I have a snapshot artifact dependency in my project. The snapshot was the updated from -18 to -19
Doing Gradle / Refresh Gradle Project from the projects context menu does not fetch the newer artifact from the repo.
Even worse: if I delete the the artifact from the local repo, the older-18 artifact is downloaded again.
It’s always the older artifact which gets linked into the eclipse buildpath.
gradlew build --refresh-dependenciesworks as expected: the last -19 artifact is pulled from the external repo if needed and compile is using it.
My current fix is to copy the newer -19 onto the older -18 artifact in the file tree of the local repo.
Maybe Buildship isn’t doing a --refresh-dependencies at all and using some cached pom files?

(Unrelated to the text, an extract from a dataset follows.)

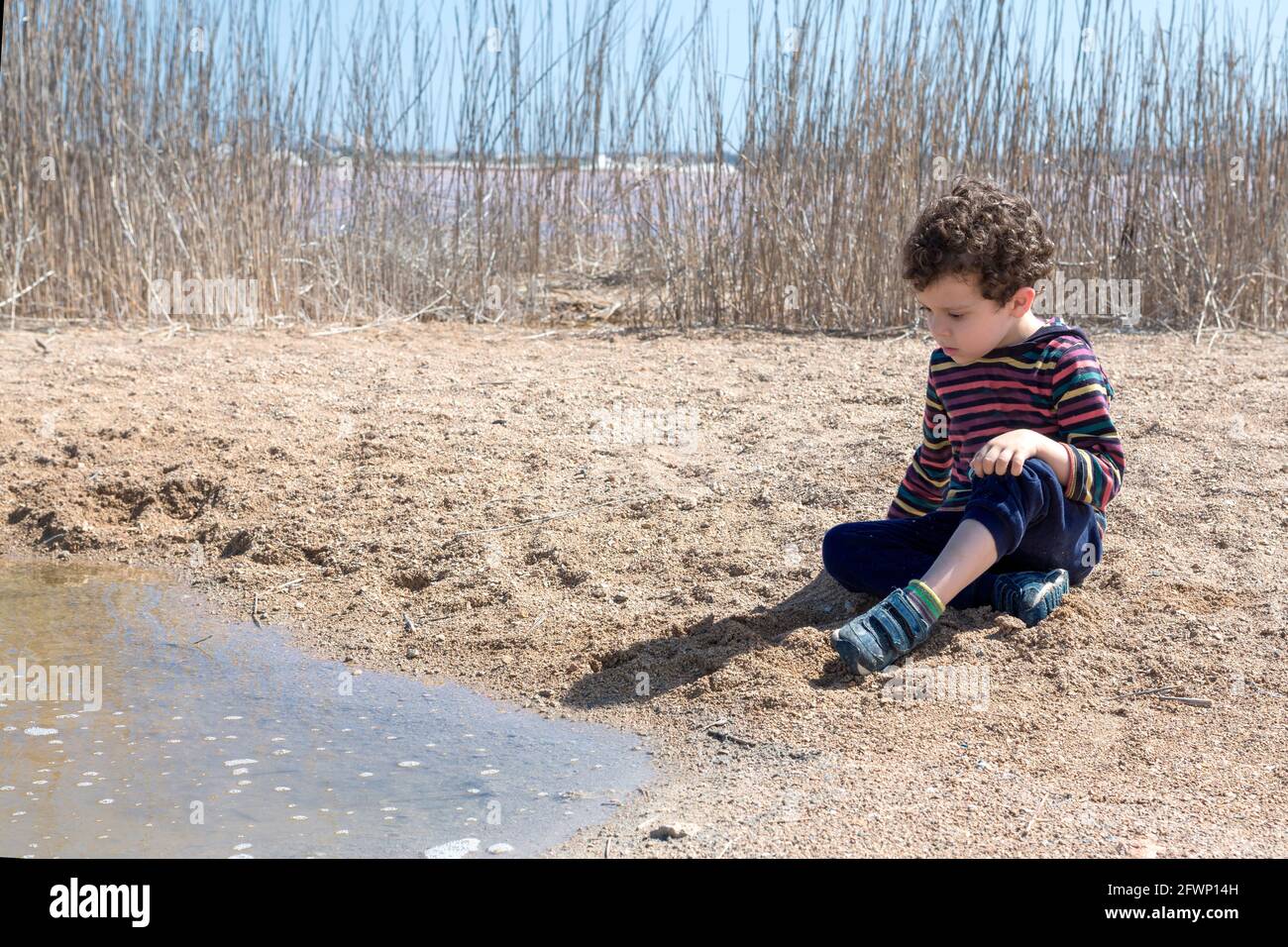 Kleiner Junge von 4-5 Jahren Kaukasisch mit lockigem Haar, der am sonnigen Tag mit Sand am Rand des Teiches spielt, mit farbigem gestreiftem Hemd Stockfoto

Buildship does not run --refresh-dependencies, as that would be very expensive to do on every little change. If you’ve run some build with --refresh-dependencies or the timeout expired, it should use the newer artifact though. Buildship doesn’t do anything special here, it invokes the Gradle daemon just like the command line would do.
So to clarify: Buildship still uses the -18 artifact after a refresh even though the command line uses -19?
Yes.
It’s even worse, if the -18 artifact is deleted from the local repo, Gradle / Refresh Gradle Project will download and link the -18 artifact again even though the newer -19 artifact exists in the remote and the local repo.
It seems that Buildship is caching the snapshot pointer into the remote repo and stays with it as long as the artifact is still found there. Refresh Gradle Project definitely needs some optional --refresh-dependencies or something like clear my cache as well.
There is no cache in Buildship, it gets the dependencies from Gradle directly. Are you using the same Gradle version on the command line and in Buildship (i.e. using the wrapper)? Can you share a reproducible example?